Exercise details: Repeat only what runs from the line with "Obrázok pre Purina" through the last line of the data below, both included, keeping every word as it is and leaving out the pictures.

Dataset excerpts:
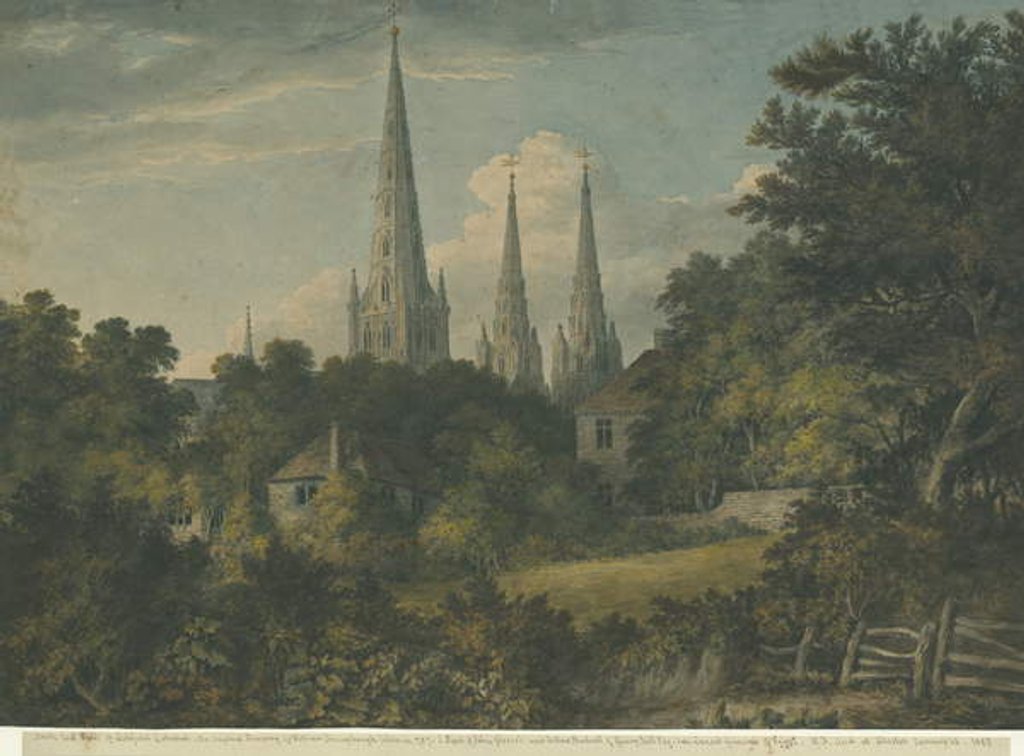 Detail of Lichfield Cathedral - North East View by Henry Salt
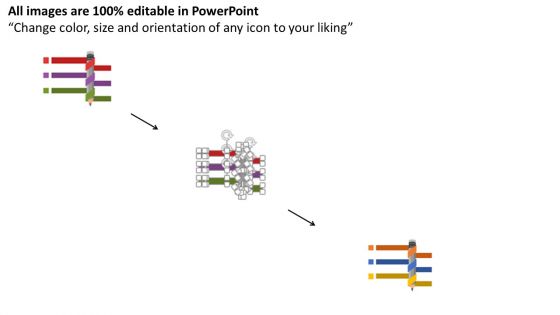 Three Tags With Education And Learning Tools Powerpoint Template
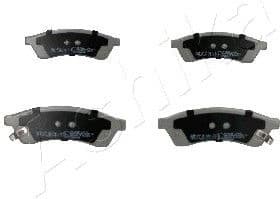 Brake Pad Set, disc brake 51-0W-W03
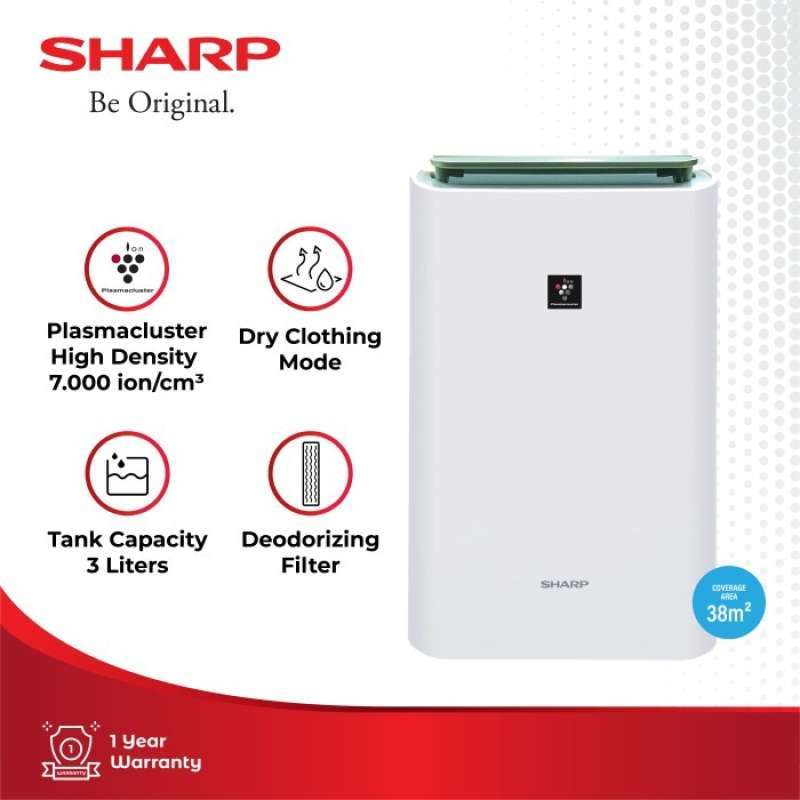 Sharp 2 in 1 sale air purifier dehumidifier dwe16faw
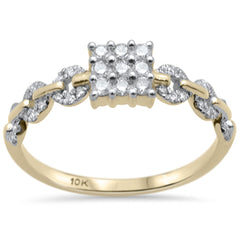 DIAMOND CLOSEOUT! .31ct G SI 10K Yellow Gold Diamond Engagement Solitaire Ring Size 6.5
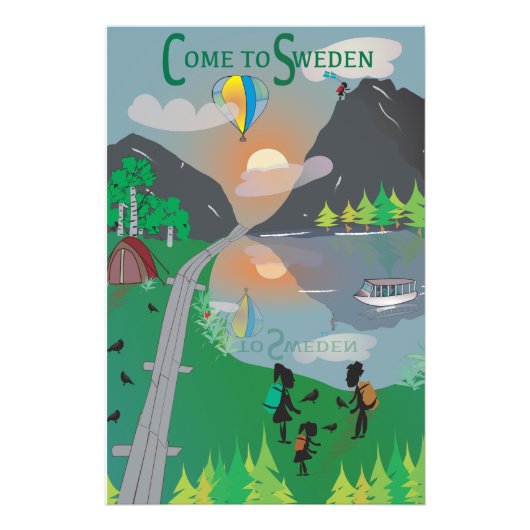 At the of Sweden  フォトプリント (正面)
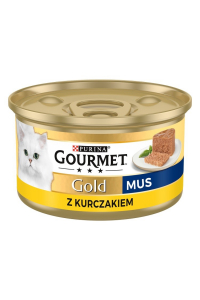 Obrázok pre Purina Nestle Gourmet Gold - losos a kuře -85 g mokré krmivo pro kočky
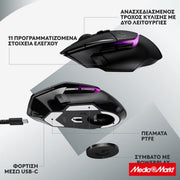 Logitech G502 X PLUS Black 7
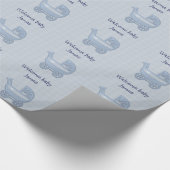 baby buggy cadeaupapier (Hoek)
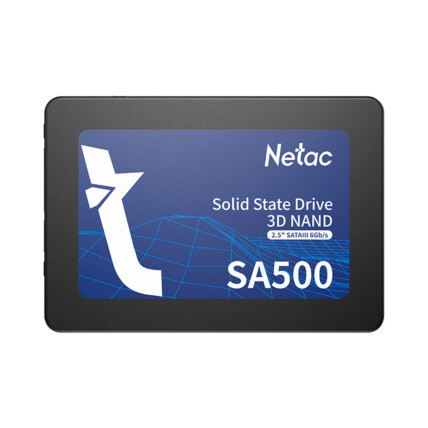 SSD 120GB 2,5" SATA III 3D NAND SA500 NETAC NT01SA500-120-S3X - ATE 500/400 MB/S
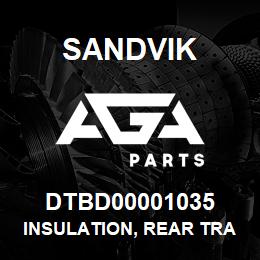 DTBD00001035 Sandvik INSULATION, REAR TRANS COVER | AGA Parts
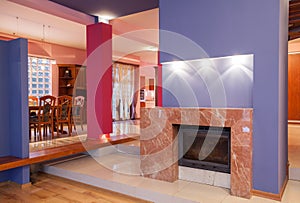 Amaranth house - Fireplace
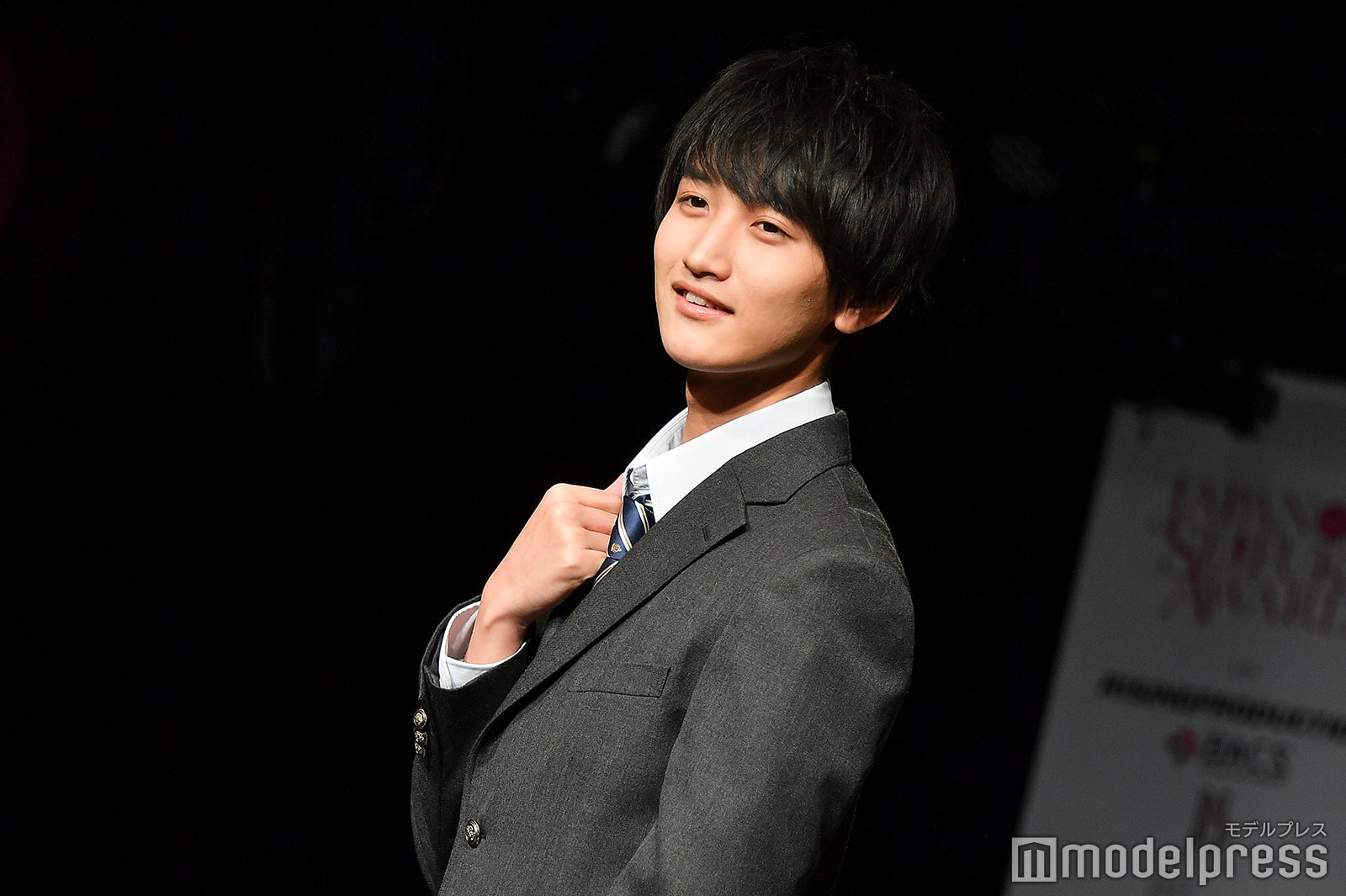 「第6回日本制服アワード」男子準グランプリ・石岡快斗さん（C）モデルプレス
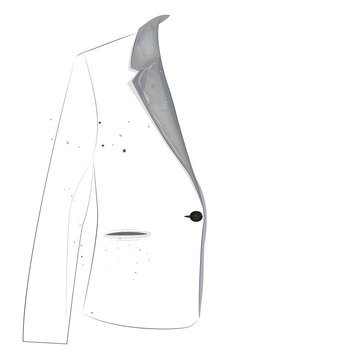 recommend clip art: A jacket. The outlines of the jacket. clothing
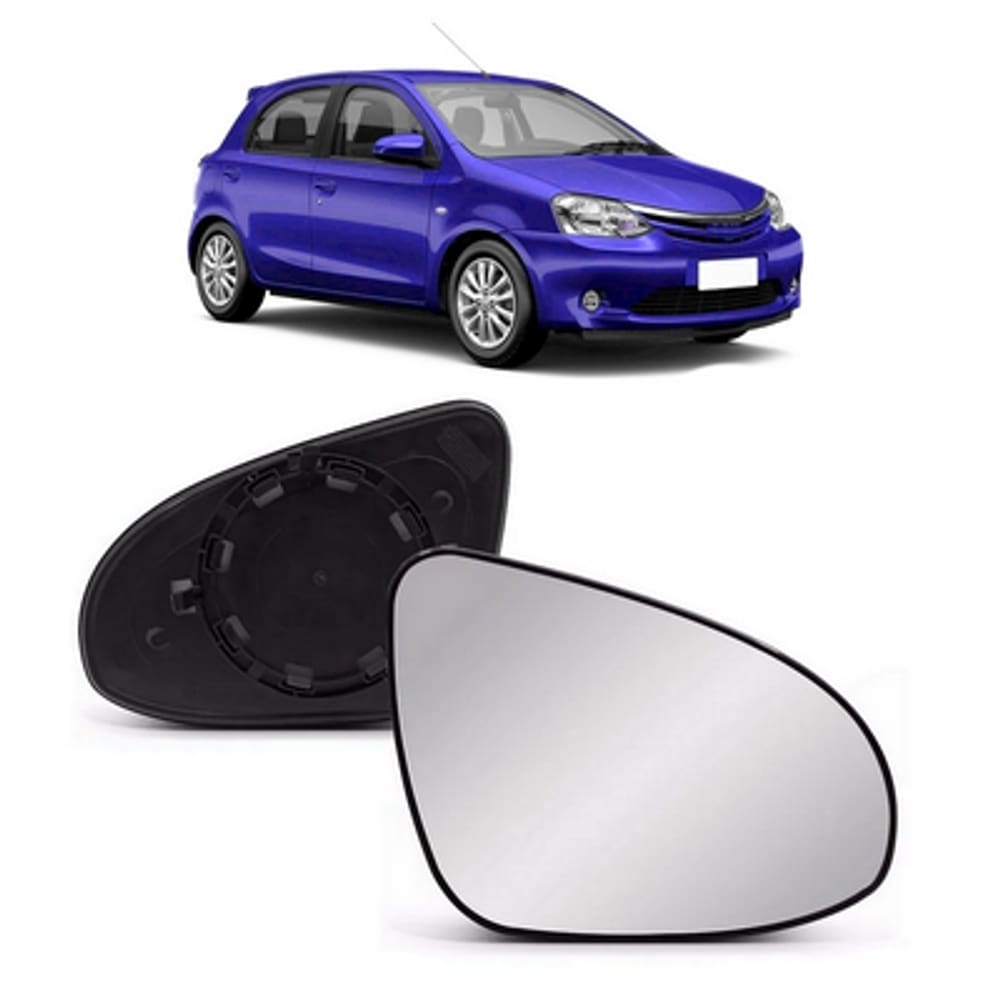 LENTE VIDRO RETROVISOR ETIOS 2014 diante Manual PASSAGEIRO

Expected output:
 Obrázok pre Purina Nestle Gourmet Gold - losos a kuře -85 g mokré krmivo pro kočky
 Logitech G502 X PLUS Black 7
 baby buggy cadeaupapier (Hoek)
 SSD 120GB 2,5" SATA III 3D NAND SA500 NETAC NT01SA500-120-S3X - ATE 500/400 MB/S
 DTBD00001035 Sandvik INSULATION, REAR TRANS COVER | AGA Parts
 Amaranth house - Fireplace
 「第6回日本制服アワード」男子準グランプリ・石岡快斗さん（C）モデルプレス
 recommend clip art: A jacket. The outlines of the jacket. clothing
 LENTE VIDRO RETROVISOR ETIOS 2014 diante Manual PASSAGEIRO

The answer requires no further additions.